Potter was appointed manager of newly relegated Championship club Swansea City on 11 June 2018 on a three-year contract. He was joined by assistant manager Billy Reid and recruitment analyst Kyle Macaulay. On his appointment, Potter said "This is a Premier League club from the last seven years and it wants to try to get back, but get back in a way that there is an identity and an understanding of what they want to be on the pitch. That was the interesting thing for me – the chance to build something".

Potter won his first match as Swansea boss with a 2–1 victory over Sheffield United, with goals from striker Oli McBurnie and former Liverpool youngster Yan Dhanda. His first game at Swansea's Liberty Stadium was a 1–0 win against Preston North End. In his first season at the club, Swansea reached the quarter-finals of the 2018–19 FA Cup, where they hosted Manchester City. They led the Premier League champions 2–0 after 30 minutes, but three goals in the last 20 minutes, one from Bernardo Silva, an own goal from Kristoffer Nordfeldt and a late winner from Sergio Agüero defeated Potter's side. They finished 10th in the league, after a strong end-of-season run gave Swansea a slim chance of making the play-offs going into the last three matches of the season.

After Chris Hughton was dismissed as Brighton & Hove Albion manager at the end of the 2018–19 season, Brighton made an approach for Potter to become their new manager, which Swansea initially rejected. Swansea offered Potter a new contract to remain at the club, which would have made him one of the Championship's highest earning managers. The club however, eventually granted permission for Potter to begin talks with Brighton, who would reportedly pay Swansea about £3m in compensation for Potter and his backroom staff.

===Brighton & Hove Albion===
Potter was appointed head coach of Premier League club Brighton & Hove Albion on 20 May 2019, signing a four-year contract. He won his first match 3–0 away to Watford, in what was also his Premier League debut. His first home game on 17 August was a 1–1 draw with West Ham United. Potter's first defeat in the league was a week later at Falmer Stadium, 2–0 to south coast neighbours Southampton.

In the first game back after the COVID-19 league suspension, Brighton achieved their first league double over Arsenal following a 2–1 home victory on 20 June, having also won 2–1 in the reverse fixture earlier in the season. His first season saw the club recording their highest points and goals in the Premier League, collecting 41 points and scoring 39, while finishing in 15th (their joint highest finish with the 2017–18 season) after a 2–1 win over Burnley in the last game of the season.

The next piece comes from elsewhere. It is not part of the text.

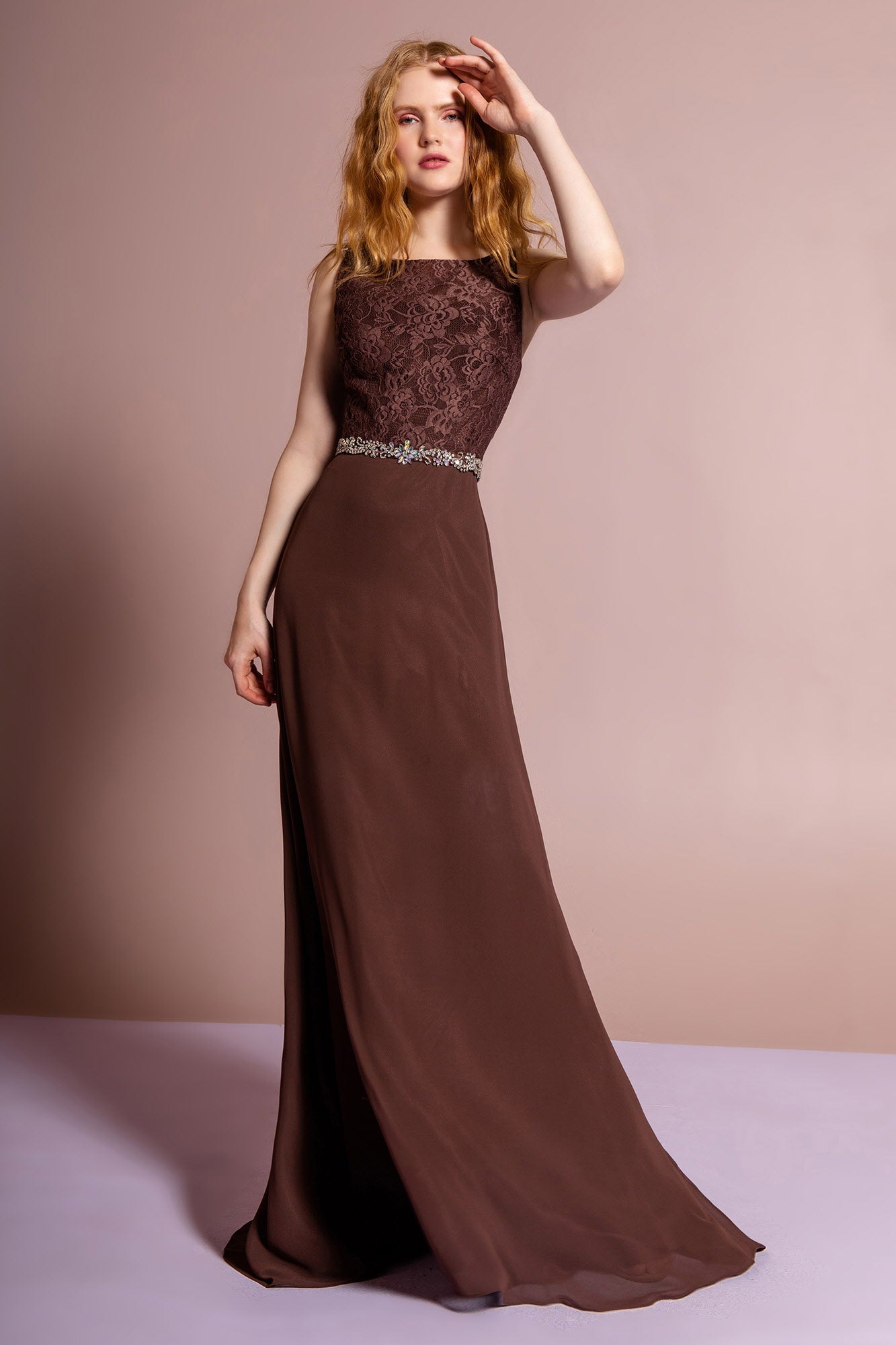 Chiffon Floor Length Dress Accented with Jewel Waistband - ElandielStyle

Brighton lost 3–1 at home to Chelsea in their opening game of the 2020–21 season. They won their first league match of the season in their second game, beating Newcastle away 3–0. Brighton lost 3–2 at home to Manchester United on 26 September; this was Potter's 100th defeat as a manager.

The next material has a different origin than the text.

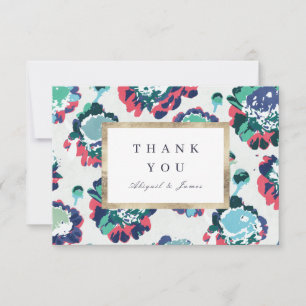 Carte De Remerciements Or vert classique moderne abstrait floral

On 31 January 2021, Brighton beat Tottenham 1–0, their first league win at home since the victory over Arsenal on 20 June 2020. Three days later, Potter led Brighton to beat defending champions Liverpool 1–0 at Anfield, Brighton's first league win at Liverpool since 1982. On 18 May, Brighton came from 2–0 down to defeat champions Manchester City 3–2, their first league victory over City since 1989.

Potter's second year in charge of Brighton finished with a record-equalling points tally of 41 points, which they also achieved the season before. However, they finished in 16th, a place below the previous season. Brighton scored 40 goals in the Premier League, conceding 46, with a minus six goal difference and keeping 12 clean sheets, all being new club record statistics for Brighton in the Premier League.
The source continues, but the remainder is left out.